In its letter, the Navy said it would continue to study the state’s proposal as part of a regular five-year review. Among the Navy’s criticisms is that the state proposal “fails to adequately assess whether the cost of the proposed remedy is proportional to the overall effectiveness.”
Northrop Grumman has been operating an on-site containment system of five extraction wells at the former site since 1998 in an attempt to keep existing contamination on-site. The company said in a statement it has spent $200 million on plume cleanup and study to date. The Navy, which is operating the only system set up to remove contamination outside the former facilities, estimates it has spent $131 million.
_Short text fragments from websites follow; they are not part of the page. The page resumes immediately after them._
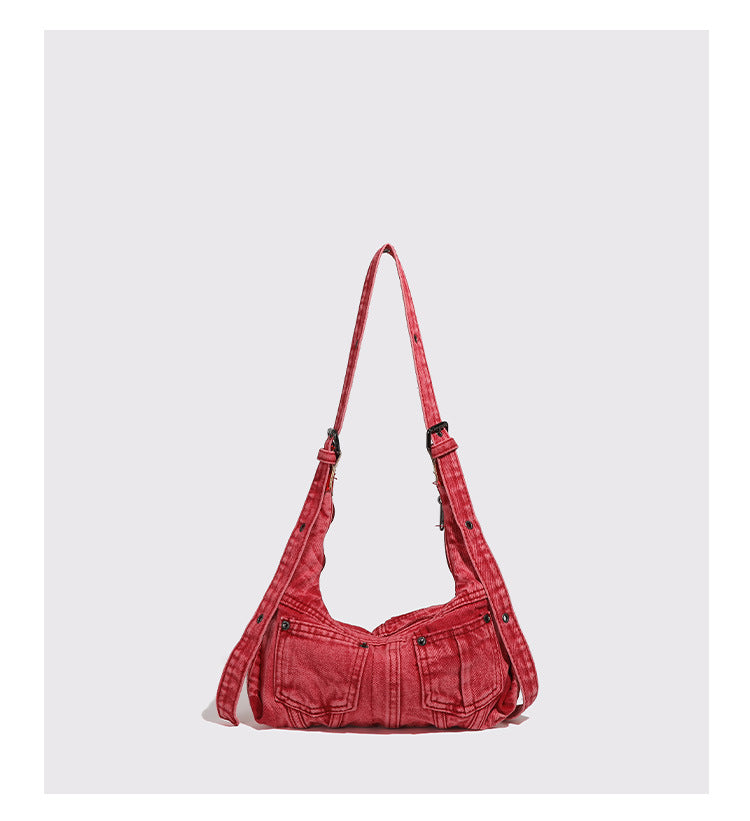Compact washed red distressed-textile shoulder bag with front flap pockets, dark metal hardware, and long adjustable strap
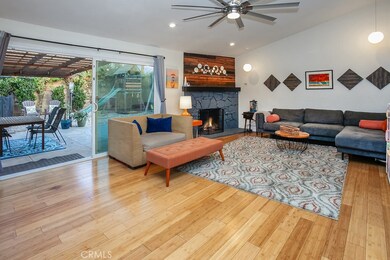 The family room is bathed in natural light and is enhanced by modern recessed lighting, lighted ceiling fan, stone fireplace, sliding glass doors that lead to the backyard and rich hardwood floors.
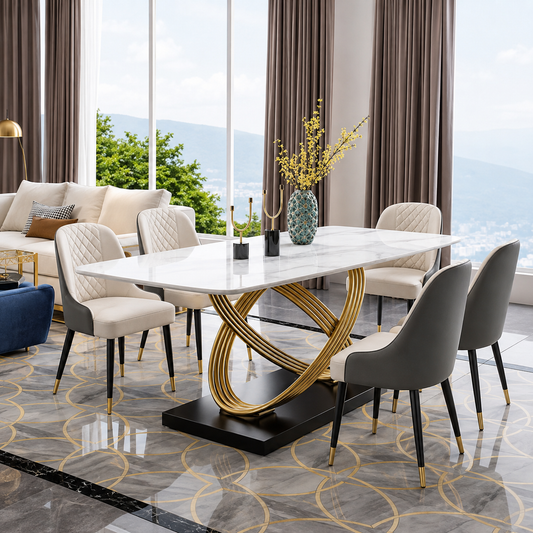 A modern dining room set featuring a rectangular white marble-top table with a sculptural gold metal base, surrounded by six upholstered dining chairs in cream and gray, set on a patterned marble floor with a large window in the background.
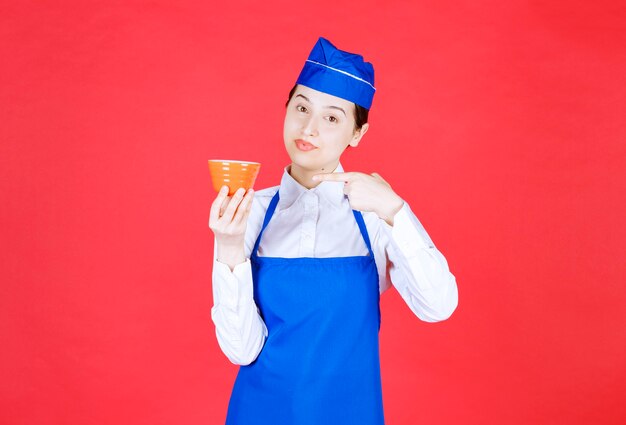 Woman waitress in uniform pointing at an orange bowl on red wall .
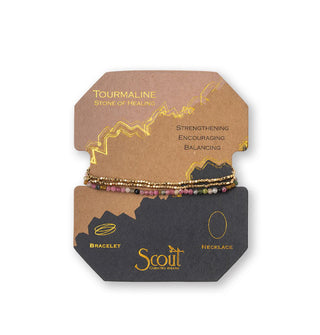 Tourmaline and gold beaded bracelet/necklace wrapped around product card with gold foil design details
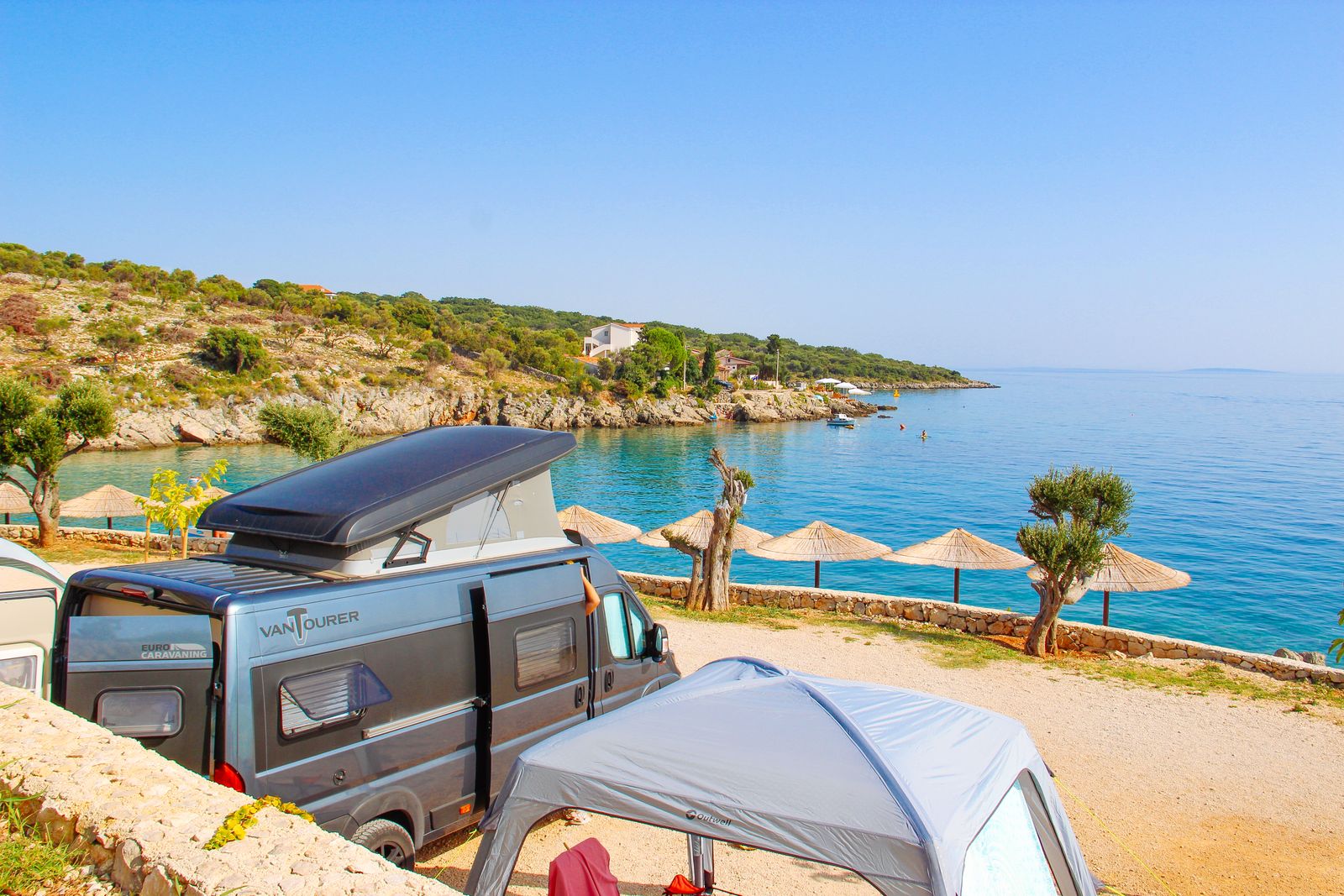 Wohnmobil mit Aufstelldach an einer Bucht der kroatischen Adriaküste mit Sonnenschirmen und türkisfarbenem Wasser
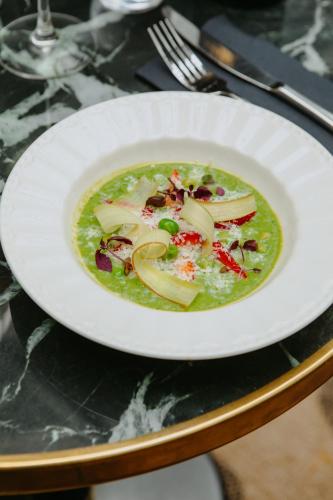 a white plate with a bowl of soup on a table at Drawing House in Paris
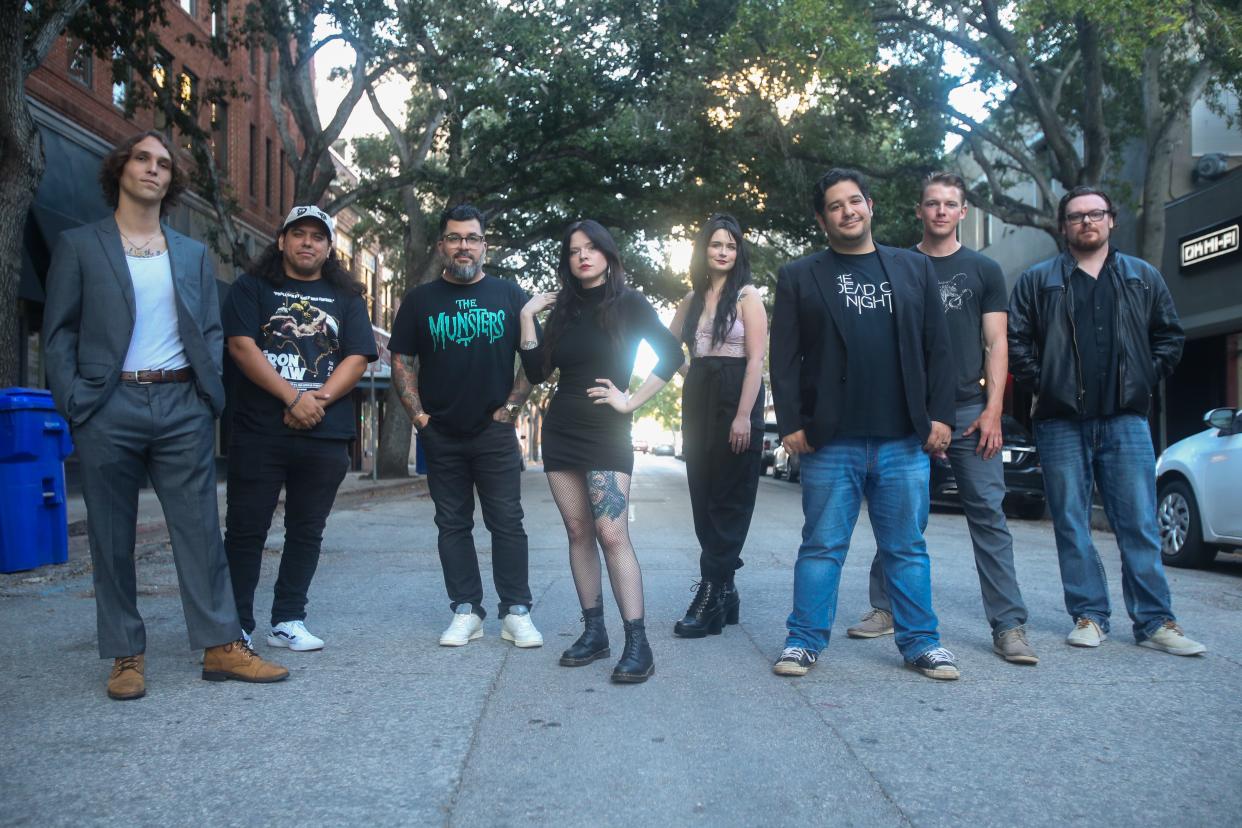 From left, directors Brady Bynum, Rene Guerrero, Gerald Flores, Emily Thyme, Jayda Rae Kolman, Jacob Grim, Mitchell Cummings and Jimmy Willden pose for a portrait outside of Produce Bar Co. on Peoples Street in downtown Corpus Christi Friday, Aug. 30, 2024. The eight are filmmakers for the horror anthology web series, "The Dead of Night."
The Bethpage Water District has complained in the past that too much money had been spent on consultants and studies, rather than removing contamination or helping pay for treatment at its drinking water wells.
The state in May released a $585 million proposal to clean up groundwater pollution from the former Northrup Grumman and Navy site in Bethpage and stop its spread. Public comment for the proposal ended July 8. Northrop Grumman opposed the plan and said the state should start again. The Navy also has submitted comments opposing the plan. Here’s what’s next:
The state Department of Environmental Conservation previously has said it expects to formally respond to comments about the plan by the end of the summer. The state then will issue a formal decision on the plan, known as an Amended Record of Decision. The state could move forward with its preferred proposal, modify it, select another option or start the process over.
The state then would formally request the Navy and/or Grumman to implement the selected plan. If they do not, Gov. Andrew M. Cuomo and other state officials have said the state aims to implement the plan, and seek reimbursement for their costs from the polluters.
The state’s report estimated that it will take five years to fully design and implement the plan, and 110 years to fully clean up the pollution plume.
ABOUT THE PLUME
Considered Long Island’s largest groundwater pollution source, it contains at least 24 contaminants, including the solvent trichloroethene, or TCE, a human carcinogen, and the emerging contaminant 1,4-dioxane, a likely carcinogen that can’t be removed through traditional treatment methods.
The groundwater pollution comes from the 600-acre site in Bethpage once operated by Grumman, now Northrop Grumman, 105 acres of which was owned by the Navy and leased to the company. The Bethpage site was a hub of aerospace manufacturing on Long Island from the 1930s to 1990s, including work on military aircraft and the Apollo moon lander.